Activity —
Exactly reproduce the lines from the one containing "Des bandes de" through the last line of the data, both ends included, leaving out pictures.

Source material —
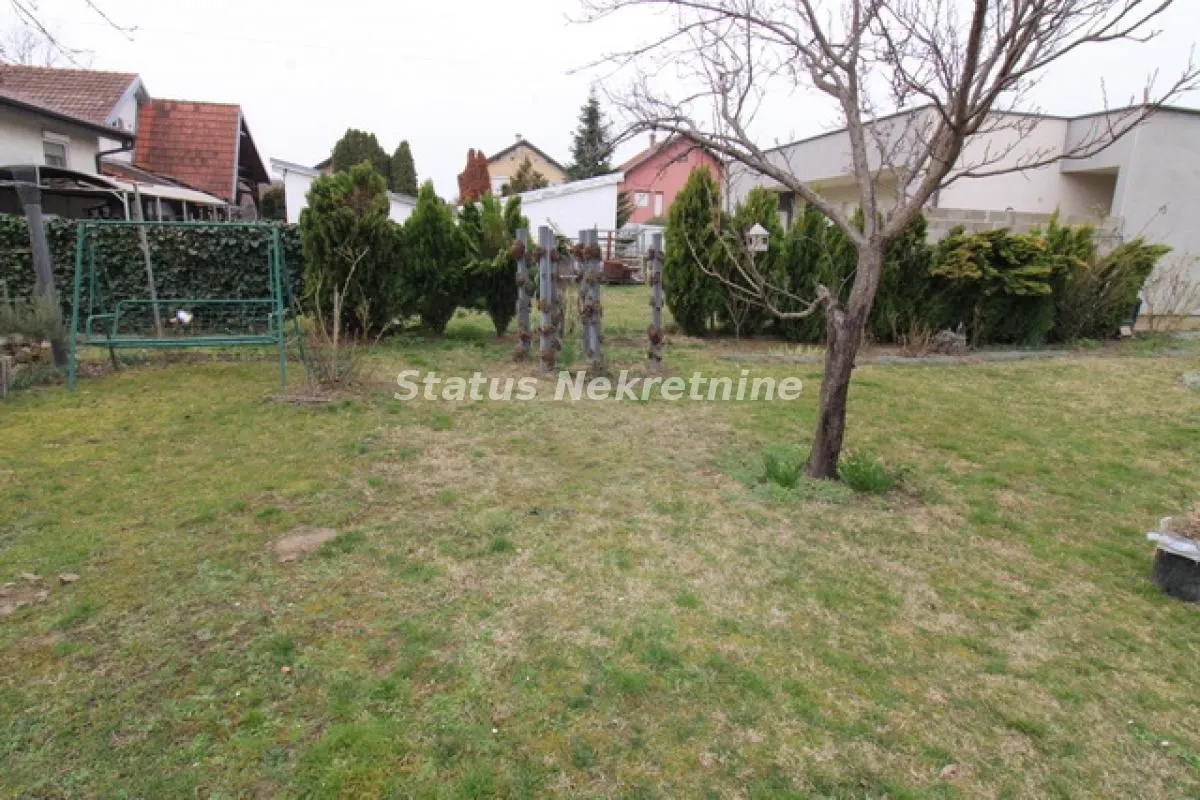 Prodaja, kuća, 230m², Adice, Novi Sad Sve Podlokacije
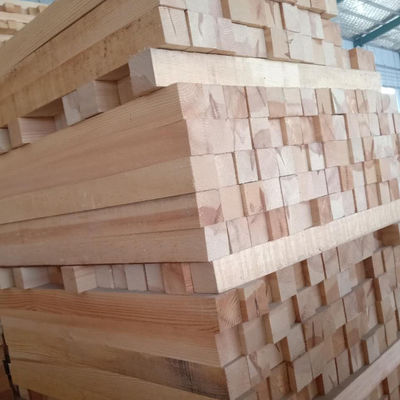 Des bandes de bois de pin russe pour les ardoises de bois de couleur naturelle de bois sur mesure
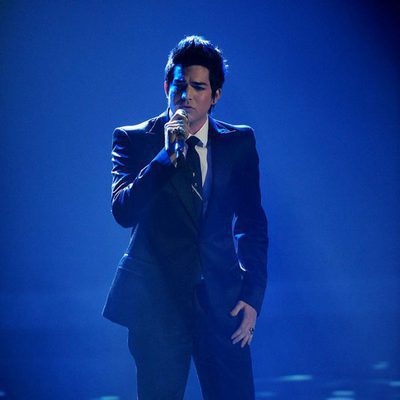 Adam Lambert canta en 'American Idol'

Expected output —
 Des bandes de bois de pin russe pour les ardoises de bois de couleur naturelle de bois sur mesure
 Adam Lambert canta en 'American Idol'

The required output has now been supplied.